Giant, un manga qui swingue

     Blue Giant, 9 volumes parus (série en cours), Shinichi Ishizuka. Editions Glénat, 226 pages, 7,60 euros.

    Élève de terminale à Sendaï, préfecture de Miyagi, Dai Miyamoto fait partie de l’équipe de basket-ball, travaille à mi-temps dans une station-service, et vit seul avec son père et sa petite sœur. Passionné par le jazz qu’il a découvert au collège par l’entremise de son ami Shuhei, l’adolescent est devenu tellement accro qu’il s’entraîne tous les jours sur les berges de la rivière Hirose.

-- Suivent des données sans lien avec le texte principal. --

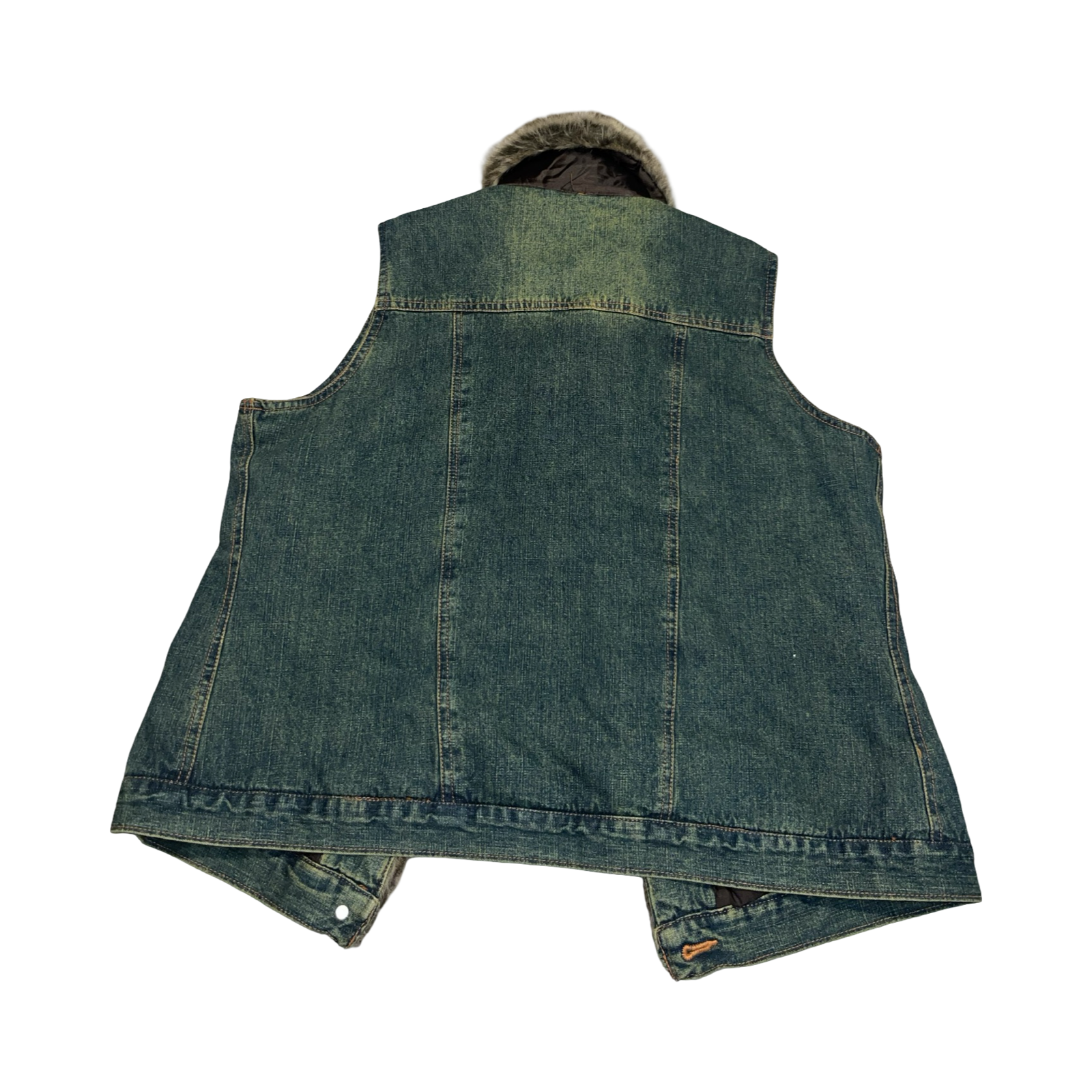 2000’s Y2K denim and fur lined waist coat uk 14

    Qu’il vente, qu’il pleuve ou qu’il fasse une chaleur du diable, Dai n’a qu’un seul but : devenir le meilleur jazzman au monde. Une idée folle pour celui qui n’a jamais pris de cours de musique, qui ne maîtrise pas le solfège et qui joue seul. Pour autant, sa détermination et sa capacité à se relever après les échecs (à l’image de son premier live dans un petit cabaret) forcent le respect. Suffiront-ils à réaliser son rêve ?

    Après le vertigineux Vertical où l’on suivait les aventures d’un secouriste volontaire en haute montagne, Shinishi Ishizuka s’attaque, cette fois, à un univers totalement différent : la musique et le jazz en particulier, dont il est fou. Un genre popularisé par Miles Davis et consorts qui, je l’avoue, n’est pas celui que je préfère, sans doute par méconnaissance. Ça tombe bien, le mangaka a choisi de s’adresser au lecteur avec pédagogie, en le plongeant dans ce monde musicale avec douceur.

    On entre assez facilement dans le récit via la quête initiatique d’un lycéen amateur qui va progressivement maîtriser les codes du jazz, comme s’il s’agissait d’une discipline sportive. En commençant par découvrir les secrets de son saxophone ténor et les manières de les révéler, au prix de sacrifices. Evidemment, aucun son ne sort du manga mais, et c’est là la force d’une bonne bande dessinée, on se surprend très vite à entendre des notes de musique. « Une musique rude et brûlante qui vous saute à la figure et en plein cœur » comme l’a ressenti le jeune Dai un soir dans un café où se produisait un groupe.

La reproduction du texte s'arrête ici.